Friday, August 14, 2009


The O2 is an impressive portable video player, but it lacks a few crucial features.

Cowon is known for its high-quality portable video players; and the company's newest model, the O2, doesn't disappoint. With its gorgeous touch screen and crystal-clear sound, the flash-based Cowon O2 ($220 for 8GB; $250 for 16GB; $300 for 32GB) is sure to please customers looking for a fairly inexpensive PVP. But several gripes we've had with previous models--such as lack of ID3 tagging and no support for DRM-protected files--apply to the O2 as well.

Earlier this year, we reviewed the Cowon A3, which offers video-recording capabilities, as well as the Cowon Q5W with Internet browsing.
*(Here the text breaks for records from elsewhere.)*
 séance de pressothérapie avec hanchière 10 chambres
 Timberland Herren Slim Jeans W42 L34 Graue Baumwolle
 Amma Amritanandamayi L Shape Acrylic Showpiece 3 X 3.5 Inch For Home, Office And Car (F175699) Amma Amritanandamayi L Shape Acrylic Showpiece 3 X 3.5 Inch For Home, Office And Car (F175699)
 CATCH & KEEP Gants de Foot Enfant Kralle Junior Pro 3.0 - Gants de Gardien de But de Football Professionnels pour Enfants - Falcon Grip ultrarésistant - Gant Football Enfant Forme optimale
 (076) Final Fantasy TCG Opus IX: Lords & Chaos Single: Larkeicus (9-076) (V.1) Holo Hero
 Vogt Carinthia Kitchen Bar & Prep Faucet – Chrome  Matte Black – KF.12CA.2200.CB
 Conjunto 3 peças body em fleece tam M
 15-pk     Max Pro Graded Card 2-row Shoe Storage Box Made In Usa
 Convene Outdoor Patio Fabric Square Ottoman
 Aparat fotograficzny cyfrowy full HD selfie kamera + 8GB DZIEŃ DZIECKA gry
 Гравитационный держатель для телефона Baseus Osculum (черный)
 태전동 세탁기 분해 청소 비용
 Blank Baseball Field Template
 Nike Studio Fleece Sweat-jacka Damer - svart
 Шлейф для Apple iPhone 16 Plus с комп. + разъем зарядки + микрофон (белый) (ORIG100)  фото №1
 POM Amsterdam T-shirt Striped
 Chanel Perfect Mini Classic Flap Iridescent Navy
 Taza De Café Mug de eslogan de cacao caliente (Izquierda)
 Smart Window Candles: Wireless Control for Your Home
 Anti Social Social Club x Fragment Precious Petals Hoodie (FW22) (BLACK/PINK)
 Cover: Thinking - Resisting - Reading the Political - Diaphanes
The O2 doesn't provide these frills; it's a straightforward video and audio player. (But for $10 more, you can purchase a cable to hook the O2 up to your TV.)

Like the A3, the O2 supports an astonishing number of video files and has no file size limits. As a result, if your media collection contains files that use various video formats, you won't be burdened with the task of converting them to a unitary format. The O2 natively supports ASF, AVI, DAT, DivX, h.264, M-JPEG, MKV, MP4, MPEG-1, MPEG-4, MTV, OGM, WMV, WMV 9/8/7, and XviD.

Video playback on the O2's 4.3-inch screen is smooth and sharp, with the right amount of brightness and color balance. The 480-by-272-pixel screen isn't as impressive as the A3's 800-by-400-pixel display (or the gorgeous 800-by-600-pixel screen found on the Archos 5), but video on the O2 looks great anyway.

The O2's audio quality and support are as impressive as its video output. The unit's audio player supports AC3, Apple Lossless, FLAC, G.726, Monkey Audio, MPEG-1 Layer 1/2/3, MusePack, Ogg FLAC, Ogg Vorbis, PCM, True Audio, WavPack, and WMA. In our PC World Test Center's sound tests, the O2 had a signal-to-noise ratio average (the higher the number, the cleaner the sound) of 85 db--higher than some of the top-ranked players on our chart. The O2 has some great sound-enhancement features too, like a 10-band equalizer and settings for 3D sound quality. In my hands-on tests, audio sounded crisp, with no detectable static or distortion. The included earbuds don't do the sound justice, however, and they were a bit too large to fit comfortably my ears.